Still fighting the American Revolution


Gordon S. Wood
To the extent that I follow the ever-vigorous field of American colonial history, I've been aware of Gordon S. Wood as the author of major works on the founding of the American republic and, maybe more, as a prolific and thoughtful reviewer of American history titles in liberal journals such as the New York Review of Books and the New Republic.

So there seemed to be something more going on when I found Wood (age 81) writing for the very conservative Weekly Standard a review of a new work by his mentor Bernard Bailyn (age 92 -- these guys do go on producing forever) that is also an attack on just about everybody else among Americanist historians -- and issued in a very "kids today!" tone of voice.

Turns out there is a lot of history to this historiographical spat.  As an intellectual historian focussing on the ideas and philosophies of the American Founders, Wood has always been looked at askance by historians who emphasize class conflict, slavery, aboriginals, women, and the whole social history project, and who doubt or criticize Wood for his alleged lack of interest in such issues. Add to that the fact that Wood turned years ago from new academic research to successful trade-market generalist works (sometimes derided, apparently, as "Founders Chic"), and you can see motives for younger Americanists to start to criticize.

So even as Wood wrote books like The Radicalism of the American Republic and reviews like a very positive one of Annette Gordon-Reed's very unworshipful analysis of Thomas Jefferson's intimate relations with his slave Sally Hemings, he was also beginning to be defined as a rather traditional celebrator of the great and exceptional American Republic. The American history blog The Junto laid a lot of this out a couple of years ago.

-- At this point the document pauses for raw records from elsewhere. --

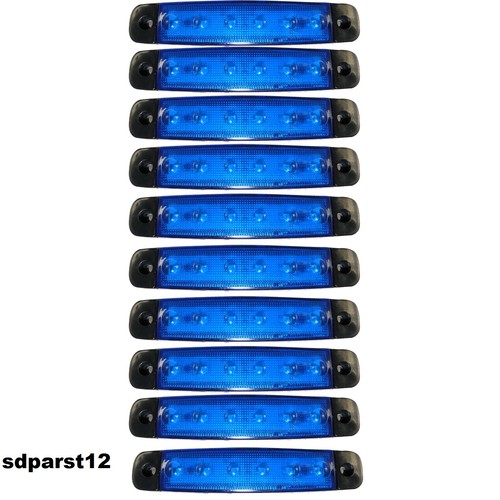 Volts bleu 6 led feux - x,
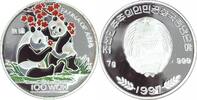 Korea 100 Won 1997 Asiatische Tierwelt (Zwei Pandas) PP gekapselt, leich... 18,00 EUR  + 15,00 EUR frais d'envoi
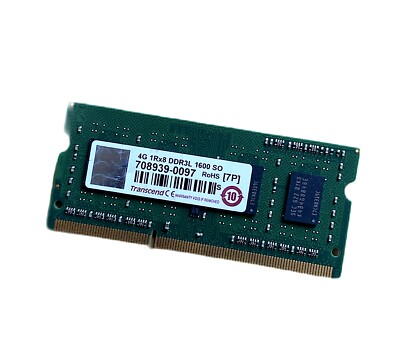 4GB SO-DIMM 1Rx8 DDR3L PC3L-12800S Notebook Speicher Ram Transcend #4082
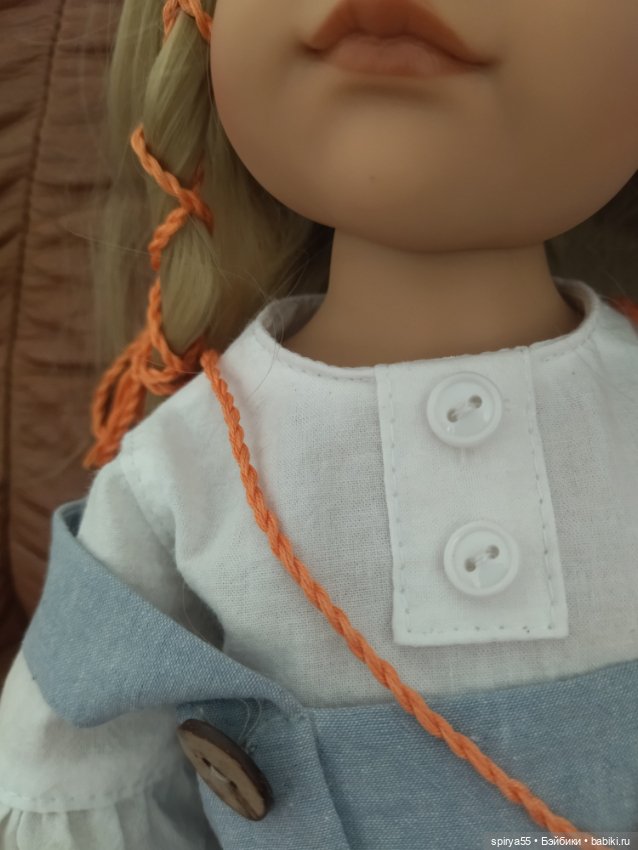 Скидка! Наряд из вареного хлопка в стиле бохо для куклы Готц и Цвергназе (фото 4)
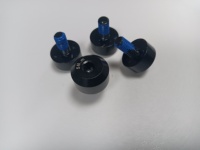 Vis à tête Torx à embase cylindrique, zinguée noire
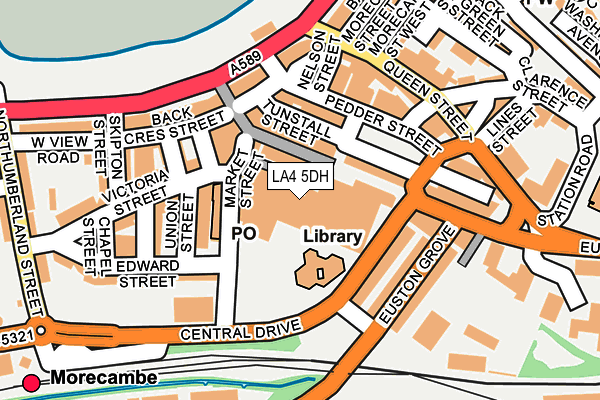 LA4 5DH map - OS OpenMap – Local (Ordnance Survey)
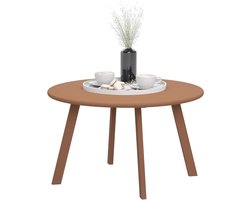 Ronde Salontafel - Bijzettafel Metaal - Buiten Zitten - Stabiele Constructie - 70 x 42 cm - Oranje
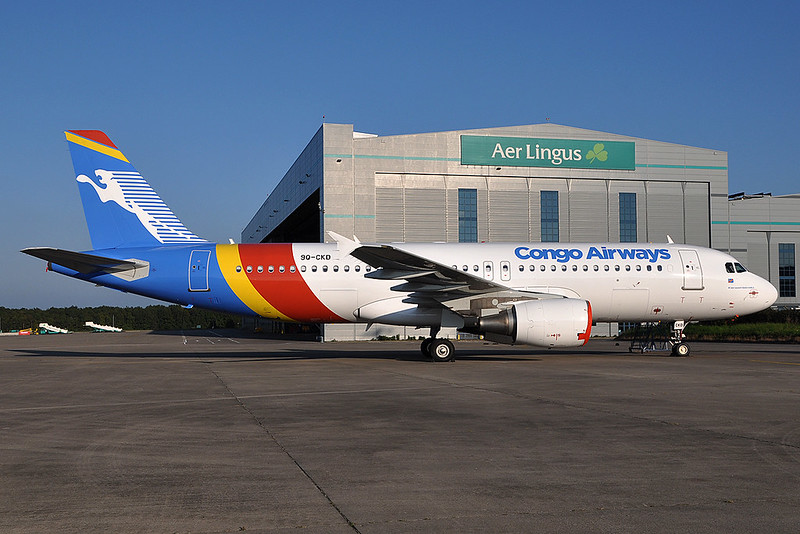 RDC : l’Airbus A320 de Congo Airways revient au pays après 5 ans de maintenance au Maroc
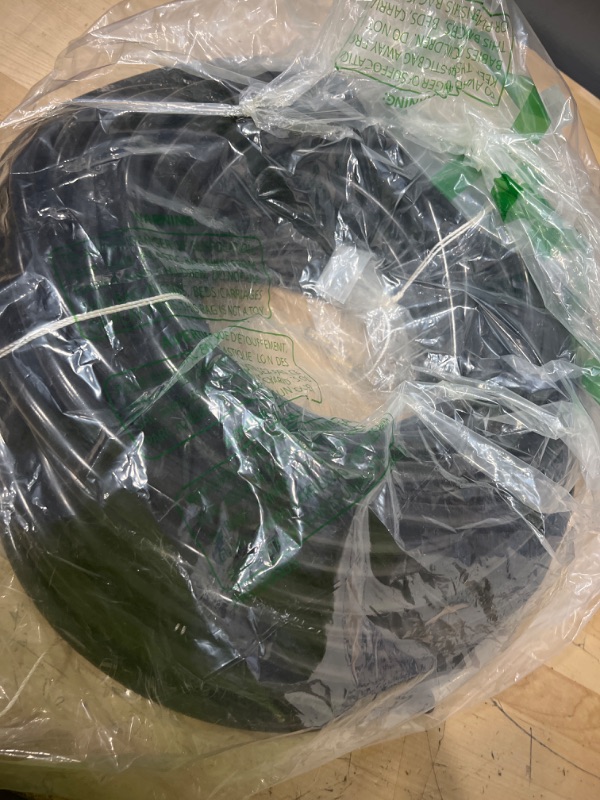 Photo 2 of ? inch Self Sinking Aeration Hose,100 feet Weighted Pond Aerator Hose with 4 Copper Menders and 8 Stainless Steel Hose Clamps, Air Pump Tubing for Pond Aquaculture and Lake Garden Aeration(Black)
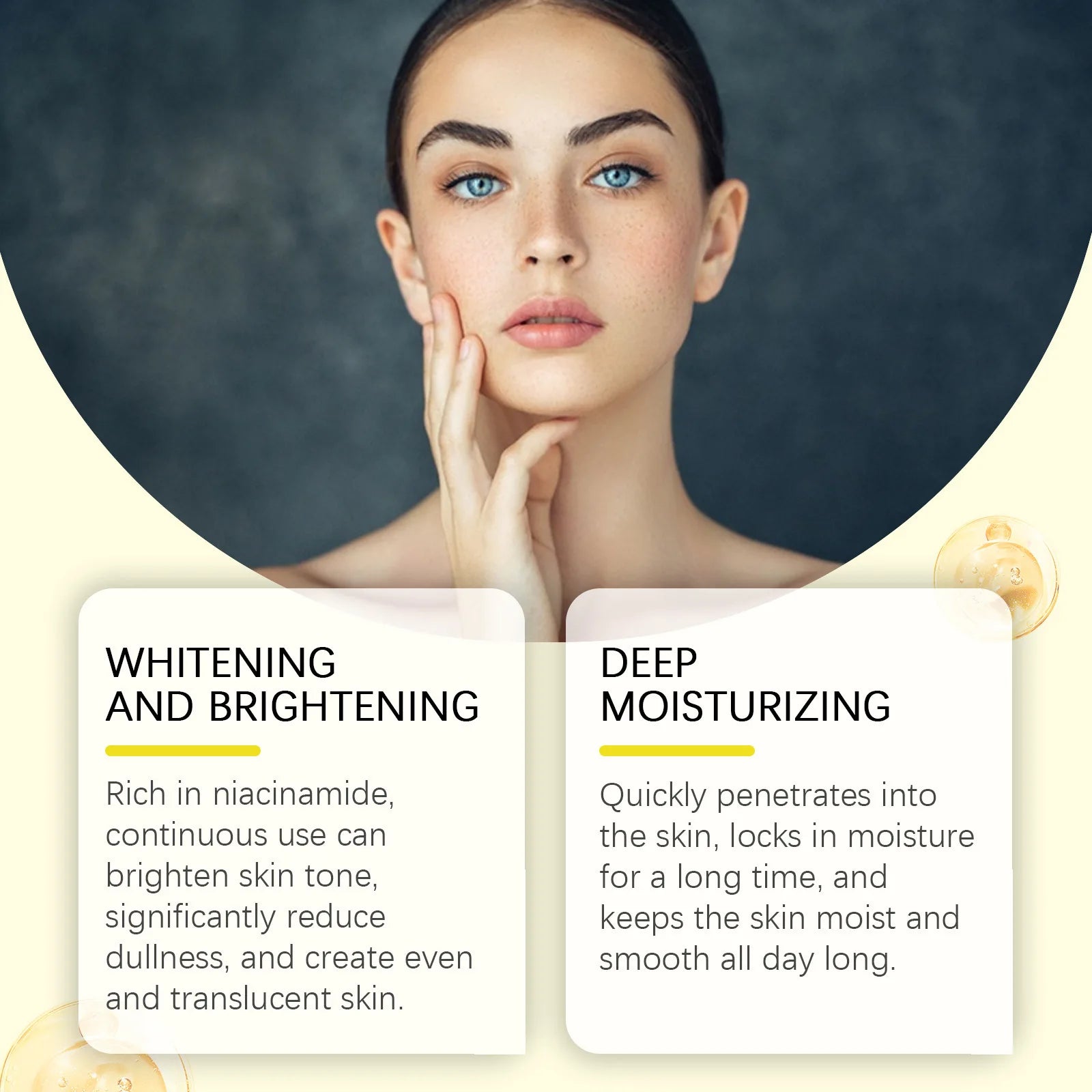 Niacinamide Face Serum Dark Spots Removal Brightening Rejuvenating Fade Melasma Hydrating Anti Wrinkle Vitamin B3 Essence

Now, praising a book of essays on historiography by Bailyn, Wood comes back at his critics in a review pointedly titled "History in Context":
It’s as if academics have given up trying to recover an honest picture of the past and have decided that their history-writing should become simply an instrument of moral hand-wringing.  
And
It has gotten worse. College students and many historians have become obsessed with inequality and white privilege in American society. And this obsession has seriously affected the writing of American history. The inequalities of race and gender now permeate much of academic history-writing, so much so that the general reading public that wants to learn about the whole of our nation’s past has had to turn to history books written by nonacademics who have no Ph.D.s and are not involved in the incestuous conversations of the academic scholars.   
As a contribution to a debate among scholars, it could seem like a point worth discussion. Published in the Weekly Standard, surrounded by promos for paleo-conservative seminars and how-to-kill-Obamacare strategizing, it sound more like a new front culture war. Bridges are burning.